Input data:

*** Block opens ***

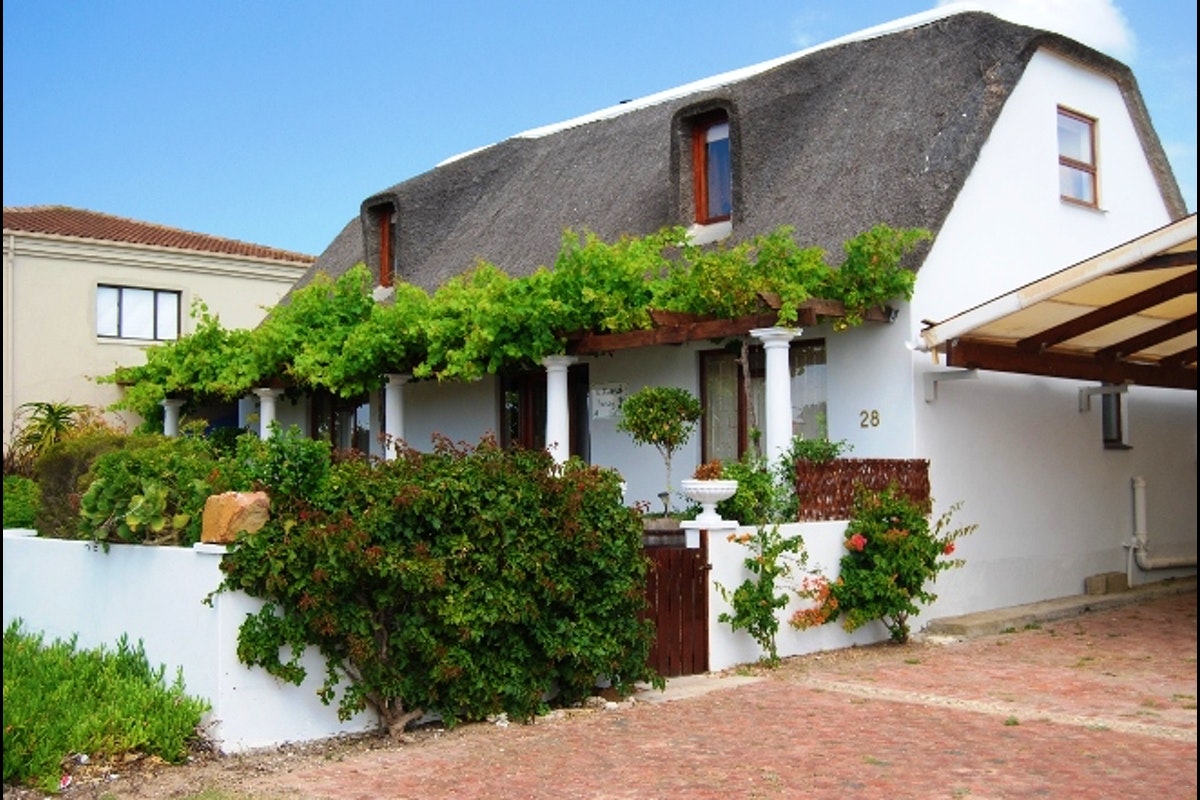 Vacation Hub International - VHI - Travel Club - Witsand Vines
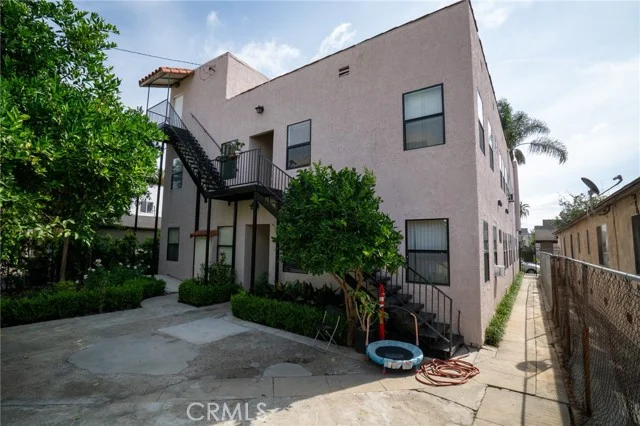 1035 Lime Avenue photo 4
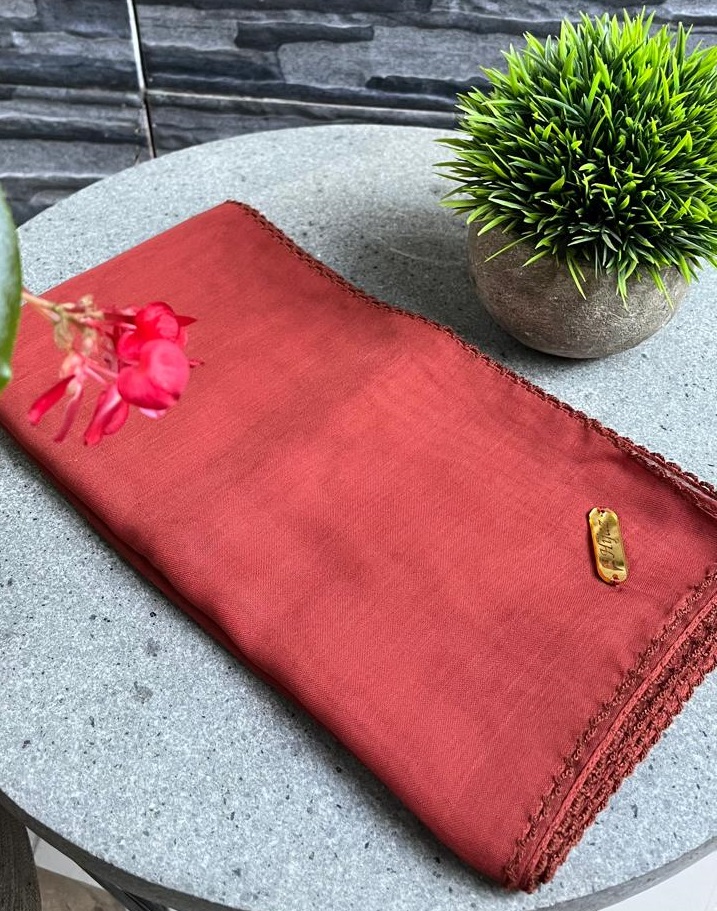Hijab Paris Jepang Premium 110×110 cm – Jilbab Segi Empat Finishing Picot Rapi & Tegak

*** Block closes ***

Work item: Only the pictures are dropped when you print the material; everything else is copied exactly.

Solution for this task:
 Vacation Hub International - VHI - Travel Club - Witsand Vines
 1035 Lime Avenue photo 4
Hijab Paris Jepang Premium 110×110 cm – Jilbab Segi Empat Finishing Picot Rapi & Tegak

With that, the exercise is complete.